A while back, we wrote about how Thai protesters had adopted the three-fingered salute from The Hunger Games as a form of resistance against government oppression. And that still appears to be going on. According to The Hollywood Reporter, five students were arrested Wednesday for flashing that sign at Prime Minister Prayuth Chan-Ocha, and in the wake of that, just hours afterwards in fact, Apex Group, a local theater chain, pulled the release.
This was apparently a voluntary move, with no governmental pressure behind it, as the company told the Bangkok Post that they “did not want to become embroiled in a political movement.”
Instead of Mockingjay, which is expected to be one of the biggest movies of the year, Apex now plans to show Woody Allen’s Magic in the Moonlight, at a significant loss. They’re a smaller, older outfit, and it doesn’t sound like many, or even any, other theaters or chains are pulling the film.
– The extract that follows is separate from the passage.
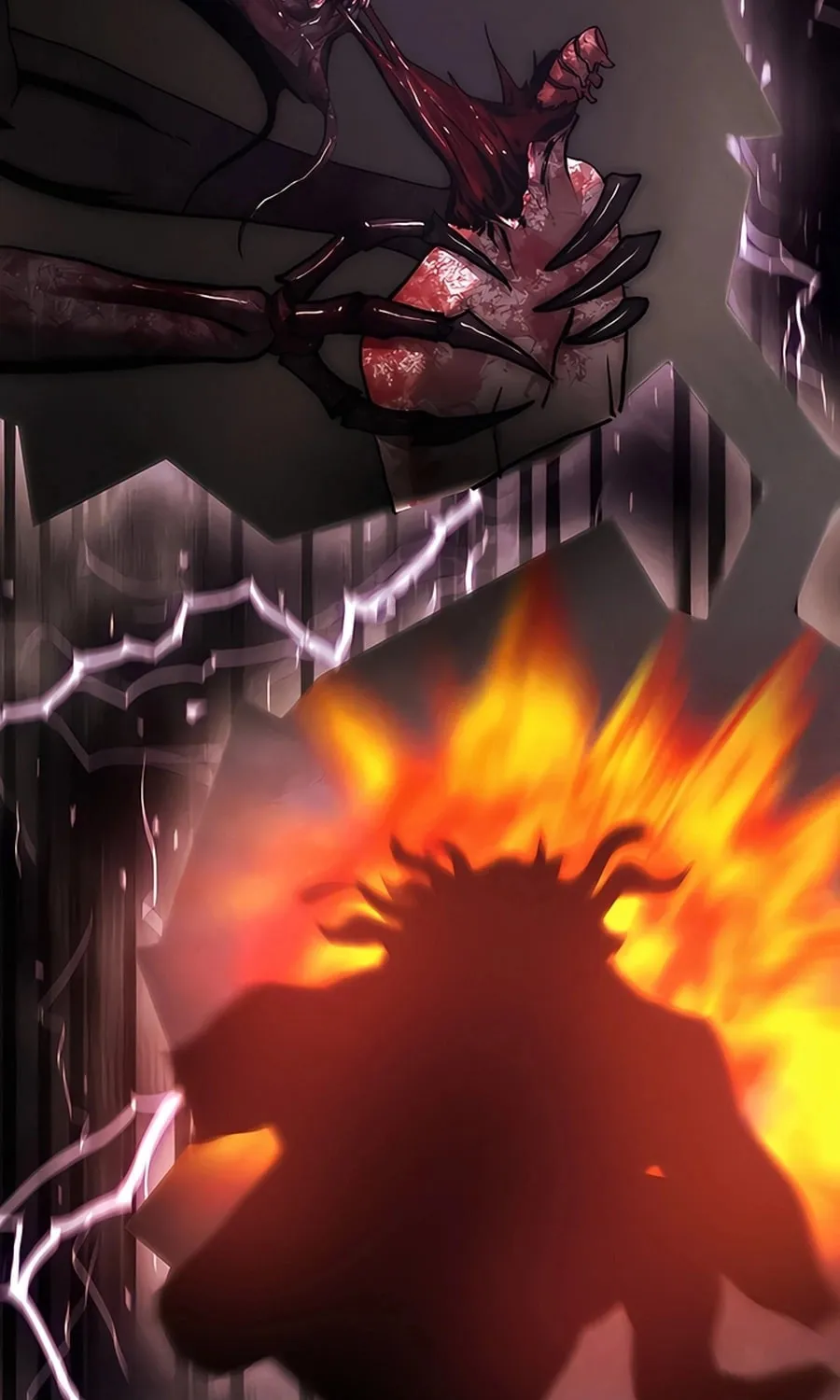Read Evolution: Road to Space Monster chapter 54 image 32 on Lezhin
Back in May, pro-democracy protestors adopted the gesture as a symbol of resistance and defiance against a military coup, and the junta threatened to arrest anyone using it in public. Prayuth led the controversial takeover as a general, though he was instated at prime minister in August. He was visiting the northwestern province of Khan Kaen at the time of the arrests, a place known to be a stronghold of former prime minister Thaksin Shinawatra and his Pheu Thai party, known as “red shirts.” (Given notable use of “red shirts” in sci-fi, specifically their short life span, they might want to think about going a different direction with that.) It’s also a region that has been wracked by a recent drought, among other problems.
As Prayuth spoke to a crowd, the fives students snuck past security and removed their shirts. Underneath they wore others that said, “We Don’t Want the Coup,” and held up the salute while standing in a row. They were dragged away in short order and taken to a nearby military facility for what is being called an “attitude adjustment,” which sounds rather ominous. They were then forced to sign a document stating that they promise not to partake of any further political activity under threat of detainment and expulsion from school.
At this point the military junta has promised to hand over power after a series of elections in 2015, but in the meantime, many international human rights groups have decried their crackdown on public assembly and freedom of speech.